Panel data combines cross sectional and time series data: we have
a time series for each of the agents observed in a cross section.
- The addition of temporal information to a cross sectional model can
in principle allow us to investigate issues such as persistence, habit
formation, and dynamics.
- Starting from the perspective of a single time series, the addition
of cross-sectional information allows investigation of heterogeneity.
- In both cases, if parameters are common across units or over time,
the additional data allows for more precise estimation. 

The basic idea is to allow variables to have two indices, $i=1,2,...,n$
and $t=1,2,...,T$. The simple linear model becomes
$$
y_{it}=\alpha+x_{it}\beta+\epsilon_{it}
$$
We could think of allowing the parameters to change over time and
over cross sectional units. This would give
$$
y_{it}=\alpha_{it}+x_{it}\beta_{it}+\epsilon_{it}
$$
The problem here is that there are more parameters than observations,
so the model is not identified. We need some restraint! The proper
restrictions to use of course depend on the problem at hand, and a
single model is unlikely to be appropriate for all situations.
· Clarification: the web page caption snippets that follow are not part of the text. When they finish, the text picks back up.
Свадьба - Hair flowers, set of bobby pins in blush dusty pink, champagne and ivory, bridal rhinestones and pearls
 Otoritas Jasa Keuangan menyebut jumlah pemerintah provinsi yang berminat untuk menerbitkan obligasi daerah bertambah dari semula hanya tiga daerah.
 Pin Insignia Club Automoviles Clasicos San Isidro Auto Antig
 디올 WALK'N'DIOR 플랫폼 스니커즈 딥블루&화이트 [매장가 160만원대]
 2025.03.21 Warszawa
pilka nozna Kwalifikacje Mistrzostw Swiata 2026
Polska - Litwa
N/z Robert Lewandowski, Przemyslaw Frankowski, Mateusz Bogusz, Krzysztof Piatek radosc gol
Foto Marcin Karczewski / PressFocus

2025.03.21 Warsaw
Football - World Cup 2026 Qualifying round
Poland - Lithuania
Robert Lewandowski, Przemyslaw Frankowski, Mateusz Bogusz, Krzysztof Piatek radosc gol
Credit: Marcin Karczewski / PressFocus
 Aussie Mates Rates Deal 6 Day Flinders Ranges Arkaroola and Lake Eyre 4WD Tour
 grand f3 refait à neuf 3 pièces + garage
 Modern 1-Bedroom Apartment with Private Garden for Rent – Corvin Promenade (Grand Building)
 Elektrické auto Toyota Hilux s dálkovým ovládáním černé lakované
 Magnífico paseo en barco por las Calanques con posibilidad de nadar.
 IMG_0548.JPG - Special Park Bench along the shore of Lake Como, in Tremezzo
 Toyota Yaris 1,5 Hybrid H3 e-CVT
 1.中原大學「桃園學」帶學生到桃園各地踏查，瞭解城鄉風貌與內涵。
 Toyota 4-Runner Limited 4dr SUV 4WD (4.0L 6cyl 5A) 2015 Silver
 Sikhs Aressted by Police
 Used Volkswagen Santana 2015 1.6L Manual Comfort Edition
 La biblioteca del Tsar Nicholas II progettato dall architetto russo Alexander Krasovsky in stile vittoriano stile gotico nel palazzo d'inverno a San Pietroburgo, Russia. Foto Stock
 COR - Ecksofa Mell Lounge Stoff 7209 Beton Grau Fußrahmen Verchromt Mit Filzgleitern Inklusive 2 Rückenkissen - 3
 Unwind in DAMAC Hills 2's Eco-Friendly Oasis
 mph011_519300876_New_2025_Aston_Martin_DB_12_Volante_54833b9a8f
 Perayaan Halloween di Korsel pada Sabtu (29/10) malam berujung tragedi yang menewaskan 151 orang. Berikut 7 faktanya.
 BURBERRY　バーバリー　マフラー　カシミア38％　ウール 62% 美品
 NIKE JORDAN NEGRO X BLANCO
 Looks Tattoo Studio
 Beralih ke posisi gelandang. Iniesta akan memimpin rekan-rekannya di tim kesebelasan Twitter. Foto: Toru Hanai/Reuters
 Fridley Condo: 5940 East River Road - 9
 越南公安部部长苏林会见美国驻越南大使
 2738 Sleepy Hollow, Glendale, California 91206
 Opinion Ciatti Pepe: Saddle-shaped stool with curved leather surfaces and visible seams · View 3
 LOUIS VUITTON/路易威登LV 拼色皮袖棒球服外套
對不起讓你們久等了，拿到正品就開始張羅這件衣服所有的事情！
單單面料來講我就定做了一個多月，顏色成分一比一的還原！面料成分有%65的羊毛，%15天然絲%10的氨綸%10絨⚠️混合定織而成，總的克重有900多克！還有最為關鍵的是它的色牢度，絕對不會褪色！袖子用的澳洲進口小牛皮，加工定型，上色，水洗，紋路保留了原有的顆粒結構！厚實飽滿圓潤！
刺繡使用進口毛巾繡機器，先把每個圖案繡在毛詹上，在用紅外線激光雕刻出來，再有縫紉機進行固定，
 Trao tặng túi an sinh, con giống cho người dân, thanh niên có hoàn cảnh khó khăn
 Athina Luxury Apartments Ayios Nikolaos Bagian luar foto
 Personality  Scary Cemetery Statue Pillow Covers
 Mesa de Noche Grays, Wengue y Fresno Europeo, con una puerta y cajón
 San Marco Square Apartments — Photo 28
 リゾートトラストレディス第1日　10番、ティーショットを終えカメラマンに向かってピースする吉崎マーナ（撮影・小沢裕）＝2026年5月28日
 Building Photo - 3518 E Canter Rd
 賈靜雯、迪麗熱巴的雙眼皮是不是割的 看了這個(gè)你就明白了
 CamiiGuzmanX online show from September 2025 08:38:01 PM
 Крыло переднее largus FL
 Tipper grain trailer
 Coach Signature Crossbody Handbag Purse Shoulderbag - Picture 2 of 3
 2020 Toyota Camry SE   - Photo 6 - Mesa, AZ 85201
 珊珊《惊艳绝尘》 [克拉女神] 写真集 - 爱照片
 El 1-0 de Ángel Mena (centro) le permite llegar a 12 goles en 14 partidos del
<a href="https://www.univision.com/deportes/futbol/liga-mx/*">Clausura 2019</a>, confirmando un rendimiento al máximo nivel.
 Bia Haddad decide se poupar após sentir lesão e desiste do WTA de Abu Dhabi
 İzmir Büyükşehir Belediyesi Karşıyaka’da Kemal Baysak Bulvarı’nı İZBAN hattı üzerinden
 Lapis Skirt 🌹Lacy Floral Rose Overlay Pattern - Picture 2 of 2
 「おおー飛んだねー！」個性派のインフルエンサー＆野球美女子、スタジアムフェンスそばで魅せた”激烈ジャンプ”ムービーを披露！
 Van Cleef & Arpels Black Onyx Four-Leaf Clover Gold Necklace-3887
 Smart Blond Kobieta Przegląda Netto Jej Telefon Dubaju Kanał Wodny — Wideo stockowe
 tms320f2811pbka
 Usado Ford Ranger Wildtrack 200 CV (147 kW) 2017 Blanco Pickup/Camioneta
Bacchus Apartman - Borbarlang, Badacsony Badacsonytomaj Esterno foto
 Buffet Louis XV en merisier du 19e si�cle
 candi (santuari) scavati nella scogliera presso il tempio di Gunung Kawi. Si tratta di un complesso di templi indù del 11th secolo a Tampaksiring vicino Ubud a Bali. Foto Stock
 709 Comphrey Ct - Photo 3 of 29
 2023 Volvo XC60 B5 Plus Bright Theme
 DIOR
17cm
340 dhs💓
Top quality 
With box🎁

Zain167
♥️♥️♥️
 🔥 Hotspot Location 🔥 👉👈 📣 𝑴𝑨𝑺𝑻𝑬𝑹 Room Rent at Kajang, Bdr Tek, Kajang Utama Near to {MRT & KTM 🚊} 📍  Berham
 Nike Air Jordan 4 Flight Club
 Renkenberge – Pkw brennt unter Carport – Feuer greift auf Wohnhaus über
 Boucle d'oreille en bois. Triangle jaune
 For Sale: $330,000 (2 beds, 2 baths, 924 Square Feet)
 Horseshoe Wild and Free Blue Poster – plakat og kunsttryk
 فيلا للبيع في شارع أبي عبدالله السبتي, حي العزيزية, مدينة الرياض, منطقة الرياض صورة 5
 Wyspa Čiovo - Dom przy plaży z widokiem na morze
For
example, one could have time and cross-sectional dummies, and slopes
that are constant over time and across agents:
$$
y_{it}=\alpha_{i}+\gamma_{t}+x_{it}\beta+\epsilon_{it}
$$
There is a lot of room for playing around here. We also need to consider
whether or not $n$ and $T$ are fixed or growing. We'll need at least
one of them to be growing in order to do asymptotics.

To provide some focus, we'll consider common slope parameters, but
agent-specific intercepts, which:
\begin{equation}
y_{it}=\alpha_{i}+x_{it}\beta+\epsilon_{it}\label{eq:simple linear panel model}
\end{equation}

- I will refer to this as the ''simple linear panel model''. We assume
that the regressors $x_{it}$ are exogenous, with no correlation with
the error term.
- This is the model most often encountered in the applied literature.
It is like the original cross-sectional model, in that the $\beta's$
are constant over time for all $i.$ However we're now allowing for
the constant to vary across $i$ (some individual heterogeneity).
- We can consider what happens as $n\rightarrow\infty$ but $T$ is
fixed. This would be relevant for microeconometric panels, (e.g.,
the PSID data) where a survey of a large number of individuals may
be done for a limited number of time periods. 
- Macroeconometric applications might look at longer time series for
a small number of cross-sectional units (e.g., 40 years of quarterly
data for 15 European countries). For that case, we could keep $n$
fixed (seems appropriate when dealing with the EU countries), and
do asymptotics as $T$ increases, as is normal for time series.
- The asymptotic results depend on how we do this, of course.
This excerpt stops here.